15× vs. ~1.37×: Recalculating GPT-5.3-Codex-Spark on SWE-Bench Pro(twitter.com)

2 pointsby nvanlandschoot7 hours ago3 comments

pplar393 hours ago
Adding a data point from actual use. I've been building a large Rust project (207 files, ~39K lines) primarily through Claude Code in orchestrate mode. Today I ran the same types of tasks through Spark via Codex CLI on a bare-metal Linux box — test module generation, file-level refactoring, struct generation from specs.

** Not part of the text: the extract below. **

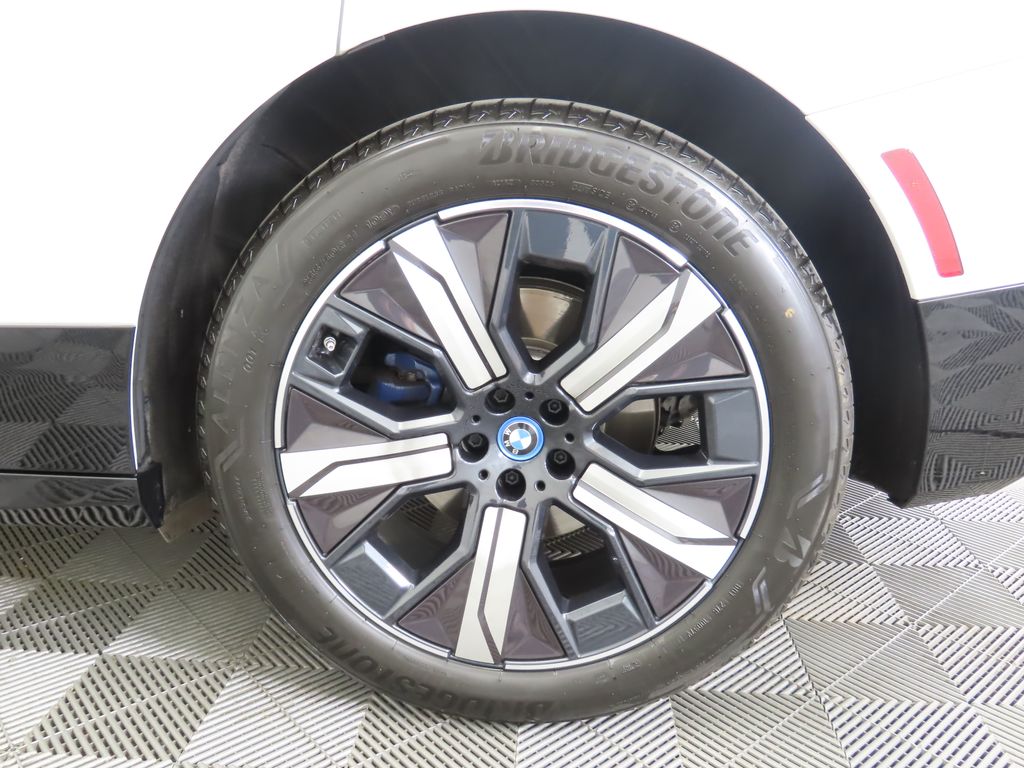Thumbnail: 2024 BMW iX - 31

Observed roughly 5x wall-clock improvement for implementation work. What took Claude 3–4 minutes finished in under a minute. Not a controlled benchmark — just consistent observation across a dozen tasks today.
The 5x sitting between the 1.37x (SWE-Bench at matched accuracy) and the headline 15x makes sense to me. Benchmarks isolate problem-solving. Real coding sessions are dominated by "here's a clear spec, write it" work where raw throughput matters more than reasoning depth. That's where Spark pulls ahead hardest.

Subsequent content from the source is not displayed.